TPL、TJT/“強い体質づくり”急ぐ/独自性高い製品が不可欠
2025年10月01日 (水曜日)
帝人フロンティアのポリエステル長・短繊維製造販売タイ子会社、テイジン・ポリエステル〈タイランド〉(TPL)とテイジン〈タイランド〉(TJT)は、米国の関税政策の影響で市場が不安定となる中、市況に対して“強い体質づくり”を急ぐ。独自性の高い製品の供給力強化も不可欠となる。
2025年度第1四半期(4~6月)は売上高こそ若干減少したが、営業利益は前年並みを確保したもようだ。ポリエステル短繊維、工業用ポリエステル長繊維ともに米国の関税政策によって需要家の一部に様子見の姿勢が強まり、荷動きが鈍った。ただ、高付加価値品の販売比率が向上したことで前年同期並みの営業利益を確保している。

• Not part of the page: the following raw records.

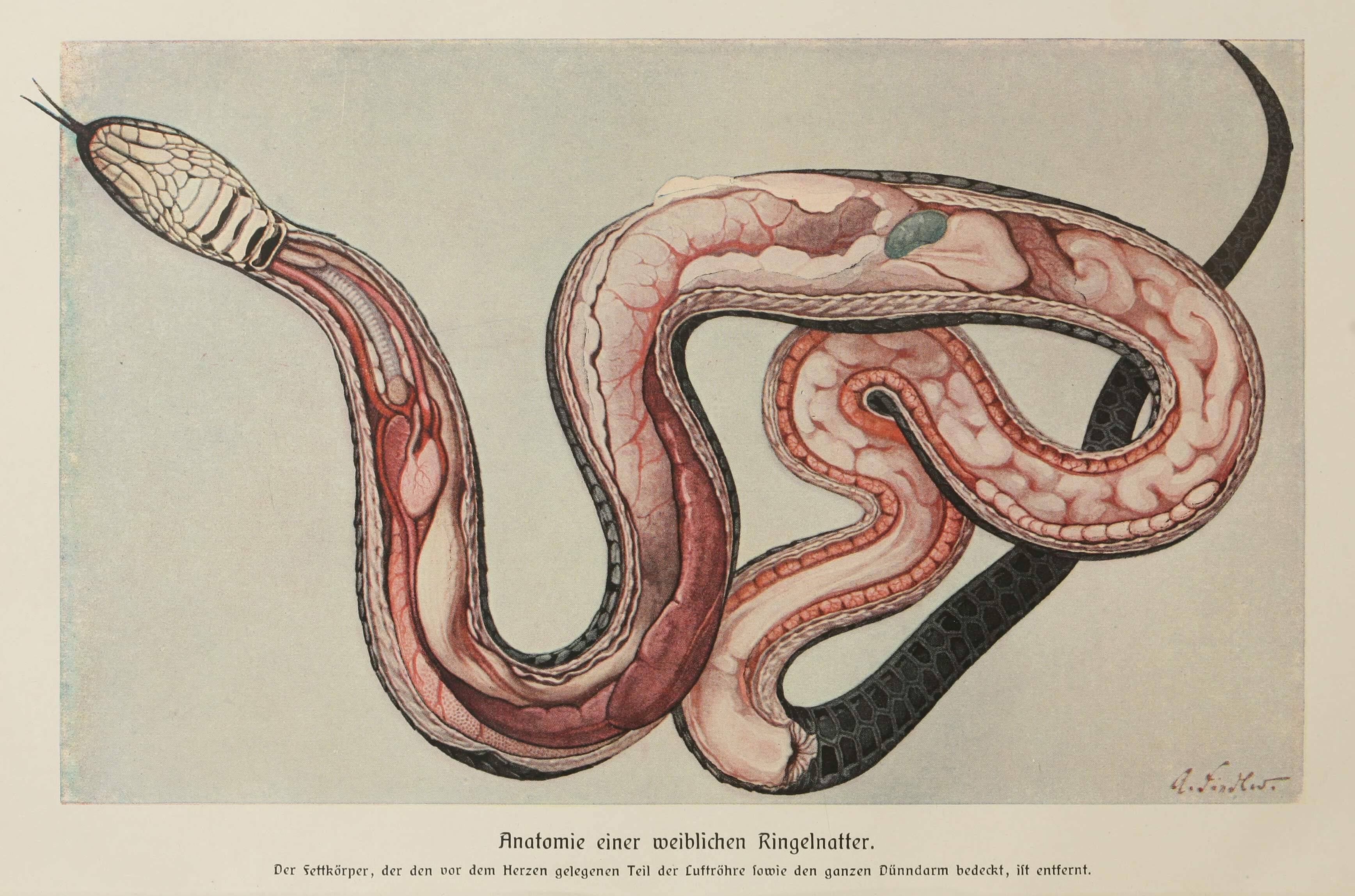 Anatomía de las serpientes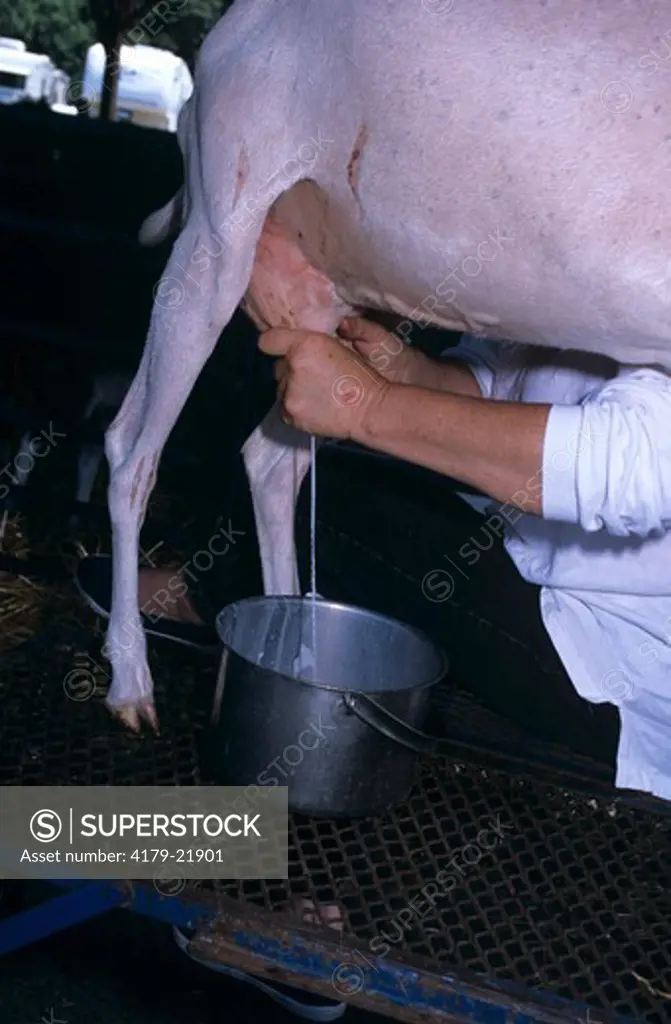 Domestic Goat being milked by Hand, Dutchess County Fair, NY State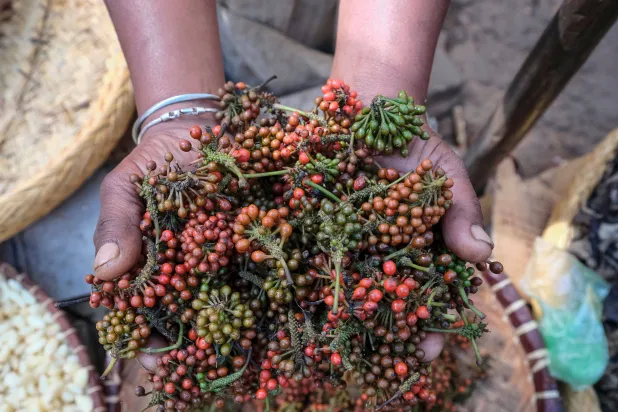 Prized Wild Pepper at Risk in Madagascar’s Shrinking Forests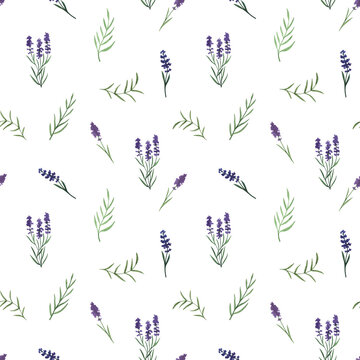 Provence lavender flowers and leaves seamless pattern. Hand drawn summer watercolor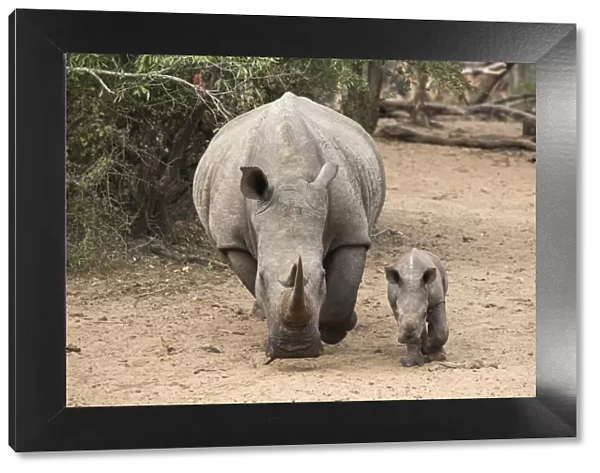 White rhino (Ceratotherium simum) with calf, Kumasinga water hole, Mkhuze game reserve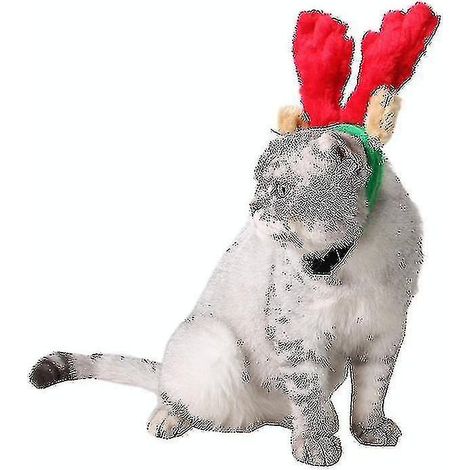 Accessoires de Noël pour animaux de compagnie : chapeau pour chiot, décorations de Noël, serre-tête avec bois de renne, taille L.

今後に関しても予断を許さない状況が続いている。「8月からトランプ関税の影響が本格化し、大幅な値下げ要求のある用途もある」(浅田和重社長)と言う。このため工業用を中心にポリエステル短繊維、同長繊維ともに生産能力を高めながら稼働率の向上とコストダウンを進めることで「不安定な状況でも“強い体質づくり”を急ぐ」。
また、米国の関税政策によって日本の繊維業界の中にも北米から日本国内や欧州、中国向けに市場をシフトする流れが生まれる可能性があるとする。サプライチェーン構造が大きく変わる可能性があるため、そこに参画できる「独自性の高い製品供給力の向上が不可欠」との考えを強調する。